So... I have to say, I have never quite understood the meaning of the term "teeming with maggots". I get it now.
This is not, perhaps, the best content with which to start out this blogging experiment... but then again, given that I am a born and raised country girl, living the lifestyle despite her residence in "Urbania," with the company of her sheep chasing, horse terrorizing, cat demonizing farm dog, perhaps it is the perfect content. But I would like to disclaim that this is not going to be typical content.
DISCLAIMER: Generally, blog will feature much more normal content! Sheep and dogs and...horses... and... weird stuff we do. Not generally disgusting. Promise!
DISCLAIMER 2: Kind of disgusting, farm related content coming right up.

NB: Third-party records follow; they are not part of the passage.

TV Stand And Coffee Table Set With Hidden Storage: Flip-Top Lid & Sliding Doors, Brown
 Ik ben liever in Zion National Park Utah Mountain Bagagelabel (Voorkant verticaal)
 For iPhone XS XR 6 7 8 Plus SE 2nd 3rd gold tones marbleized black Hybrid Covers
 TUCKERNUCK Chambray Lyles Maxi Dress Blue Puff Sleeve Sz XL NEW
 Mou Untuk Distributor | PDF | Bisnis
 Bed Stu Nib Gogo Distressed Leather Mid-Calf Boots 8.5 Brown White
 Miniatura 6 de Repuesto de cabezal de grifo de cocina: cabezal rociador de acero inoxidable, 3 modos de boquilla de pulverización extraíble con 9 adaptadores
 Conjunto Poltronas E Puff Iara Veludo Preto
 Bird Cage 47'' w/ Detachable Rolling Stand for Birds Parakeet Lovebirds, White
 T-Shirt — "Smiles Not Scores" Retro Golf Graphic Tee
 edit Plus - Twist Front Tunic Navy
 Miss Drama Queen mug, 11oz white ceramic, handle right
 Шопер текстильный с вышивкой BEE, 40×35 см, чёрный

Because only on a farm.......
Tonight, after our agility class (Perhaps I'll blog about it tomorrow), I headed to the barn to drop off my camera so J can video two sale horses schooling rounds at Whitemud (Oddly, I'm going to try and get the afternoon off to go with. Save us some extra video/pictures at home if I can go too).
I left straight from class, and brought Lex along. Rather than leave her in the car... I brought her in. Given that there was a lesson in progress, I felt it wise to borrow one of the resident dog's crates and stuff her in there before heading to the arena, rather than have non-resident dog flaunted to all boarders/lessoners.
So I stuff Lex in - literally. She whined, and then howled, which is abnormal for her, but I figured she was just being clingy - because she gets like that sometimes. Then she was quiet. All seemed good. I head to arena.
40 or so minutes later, I'm ready to collect my dawg and head for home. I open crate. Dog rocket-launches at me faster than a speeding bullet. I stuff her back in her collar, and wonder at that odd smell coming from her. "Lex, did you do something bad in Doodles' crate?"
It should be note that she has never, not once, pooped in a crate. So I wasn't too concerned, but was curious about the oddity that was her scent. I looked in the crate and peered closely at an abnormality. Poo? Nope, doesn't really look like poo... It looks like... Ruh Roh.
I call J over - hey, looks like there's something dead in here! She looks in... Yup, something dead alright.
Five or so days ago, R's teenage boys were out shooting gophers. Doodles enjoys retrieving, despite being a herding breed, NOT a retrieving breed...and she kept a treasure sequestered carefully in her crate. Unknown to us hapless human-folk, of course.
And I, being fairly moronic at times, figured I should see just. how. bad. my dog smelled. So I stuff my nose in her fur. Somehow my stomach stayed where it belonged, but it took work. I won't be doing that again.
And all I can say there, is Thanks God for wash racks. They are not just useful for hosing off a hot, sweaty horse, or bathing muddy ones. They are equally useful for bathing rotting-gopher smell out of dogs. Lex was thoroughly unimpressed, and I was just thrilled that, hopefully, when she dried she'd smell like dog and shampoo instead of something a dog drug in. But truly, my dog was clean(ish), she wasn't going to bring her "the rotting dead" smell into my car, and I was happy again.
At least for five or so minutes.... See...after all this, J disposed of the gopher, and the blanket in the crate...and I helped her take it apart so she could rinse it...and for some reason it never crossed my mind prior to this vision, but it was CRAWLING with maggots. Teeming. It was TEEMING with maggots. Yup, I get it now. My skin is still crawling. We rinsed, bleached, and left the crate to soak in bleach and virkon overnight. Doodles got a bath too. Lex, well, is lucky she didn't get two more. And I will never forget that 5-days-dead = definitely maggots.
I guess I should brush her out - a third time - and then triple check her - a third time - for maggots before we go to bed. Ohhh, YUCK. My psyche can't take this! I am very hard to gross out. I was marginally grossed out before the maggots.
And this, I suppose, is the end of the first seven months with Lex, and the beginning of the next 10 or so odd years (or more, hopefully more!) of what I think perhaps I will call: Life with Lex.